Certainly, Yossarian (Alan Arkin), the disillusioned WWII bombardier, is our protagonist, but he needs people to react to and bounce off of. It’s the likes of Colonel Cathcart (Balsam) and Lt. Colonel Korn (screenwriter Buck Henry) his neurotic superiors and the pragmatic wheeler-dealer Milo Minderbender (Jon Voight) who make him that way.

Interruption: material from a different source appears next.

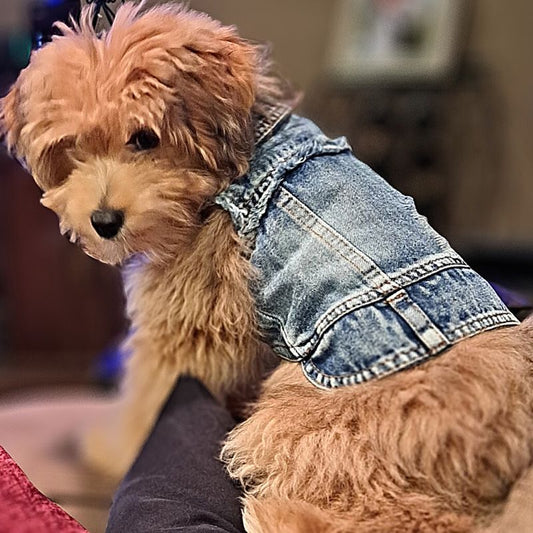 Frayed Denim Dog Jacket – Classic Blue Jean Vest for Small Dogs (XS–2XL)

Their world of bombing missions, valor, medals, and “The Syndicate” are utterly absurd just as they are, but they don’t seem to recognize it. That’s where the satire stems from, the critique of war, and all the wit. It seems like no coincidence that Mike Nichols released this film during the Vietnam Era. Like its compatriot, Robert Altman’s M*A*S*H, it finds a wickedly dark sense of humor in war. Because what is there to do with death and violence, but laugh and try to find some way to grapple with it?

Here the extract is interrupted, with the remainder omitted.